Bonjour à toutes et à tous,

Grammaticalement parlant, et en terme du sens de la phrase, quelle est la fonction de _'moi'_ ?

Merci d'avance


----------



## Maître Capello

Bonjour Pierre,

Ce _moi_ est en fait un pronom explétif appelé datif éthique ou datif d'intérêt. Voir cet article de la BDL.

Voir aussi les discussions suivantes sur le forum Français-Anglais :
FR: et si on nous le tuait ? - pronom explétif, datif d'intérêt
FR: Mon fils me fait encore une bronchite - pronom explétif, datif d'intérêt


----------



## bhagwad

Dans la bande dessiné "Astérix le Gaulois", un legionnaire qui a perdu le jeu chaises musicales est désigné d'espionner chez les Gaulois. Le centurion dit à les autres:

*"Grimez-moi ça en Gaulois!"*

Je ne comprends pas pourquois il utilise "se grimer" dans ce context.
[...]
Dans ce cas, pourquoi il dit "grimez*-moi*" (avec un trait d'union)? Un imperatif suivi d'un pronom objet direct avec *"-"* fait reference à un pronominal verbe n'est pas?
Il ne grime pas lui-même! Est-ce qu'il y a quelqu'un qui peut me l'exprimer?

Merci en avance!


----------



## atcheque

Bonjour,

Il ne s'agit pas de _se grimer_, pronominal, mais de _grimer qq'un_, transitif.
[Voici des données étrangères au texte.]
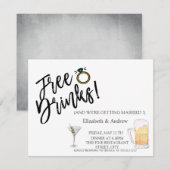 Waterverf Cocktail, Bier, Gratis drankjes bruiloft Kaart (Voorkant / Achterkant)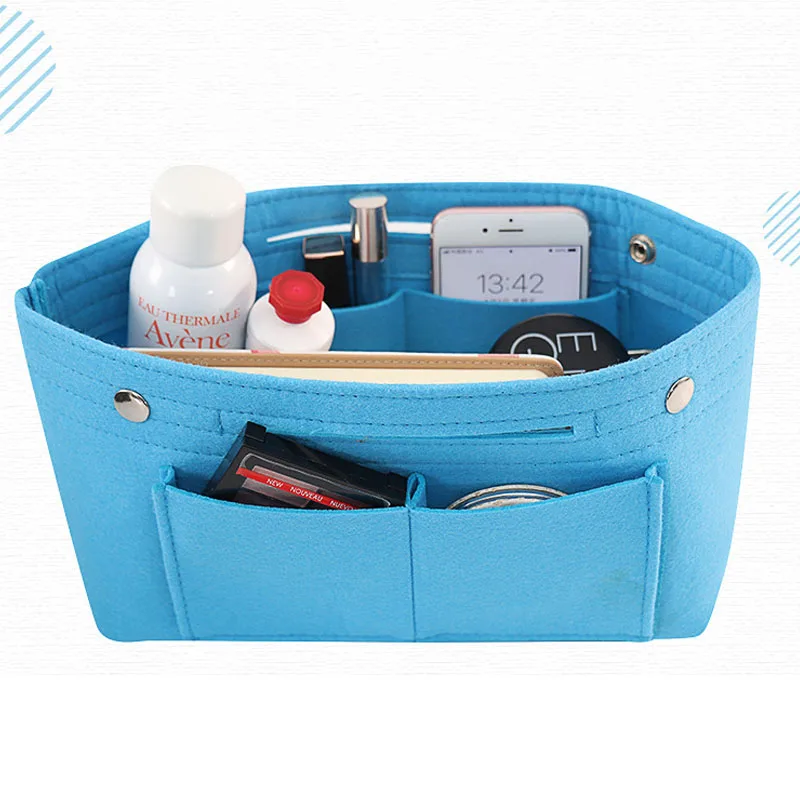 

High Capacity Felt Cloth Cosmetic Organizer Toiletry Storage Bags Travel Accessories Multiple pockets Insert Makeup Bag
Il s'agit de datif éthique ou d'intérêt : _Grimez cela* pour moi*_.


----------



## bhagwad

Hmm...c'est interresant! Est-ce qu'il est une autre façon de dire "Grimez-le *pour moi*"?


----------



## Lacuzon

Oui, mais parfois ce genre de datif n'est qu'emphatique, ne fait fait qu'indiquer que quelque chose nous touche fortement, comme dans : elle m'a fait une rougeole.


----------



## bhagwad

Merci. Je comprends!


----------